> What you need to do:
With the pictures removed, please write out every line below exactly as given.

> Data block:
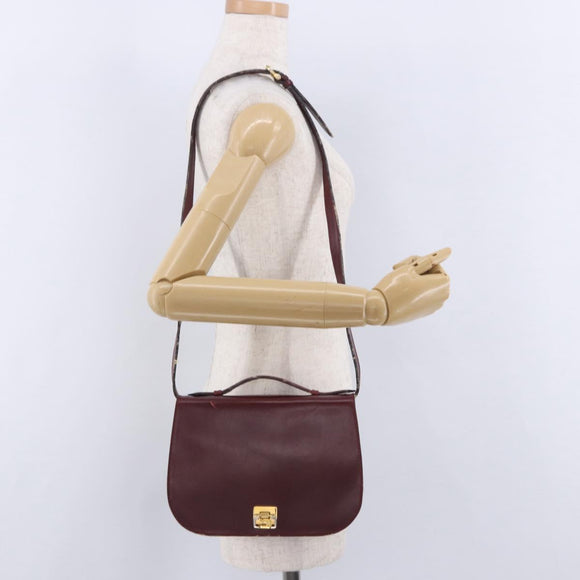 CELINE Horse Carriage Shoulder Bag Leather 2way Bordeaux Gold Auth 201084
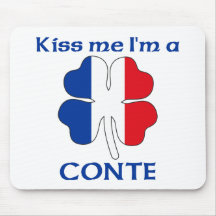 Personalized French Kiss Me I'm Conte Mouse Mats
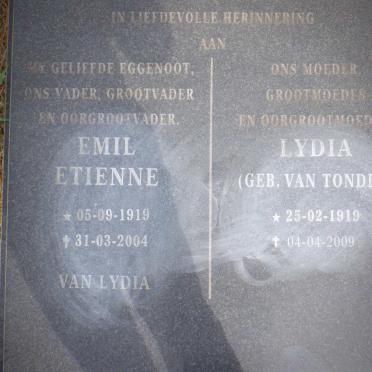 VILLIERS Emil Etienne, de 1919-2004 &amp; Lydia VAN TONDER 1919-2009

> Result below:
 CELINE Horse Carriage Shoulder Bag Leather 2way Bordeaux Gold Auth 201084
 Personalized French Kiss Me I'm Conte Mouse Mats
 VILLIERS Emil Etienne, de 1919-2004 &amp; Lydia VAN TONDER 1919-2009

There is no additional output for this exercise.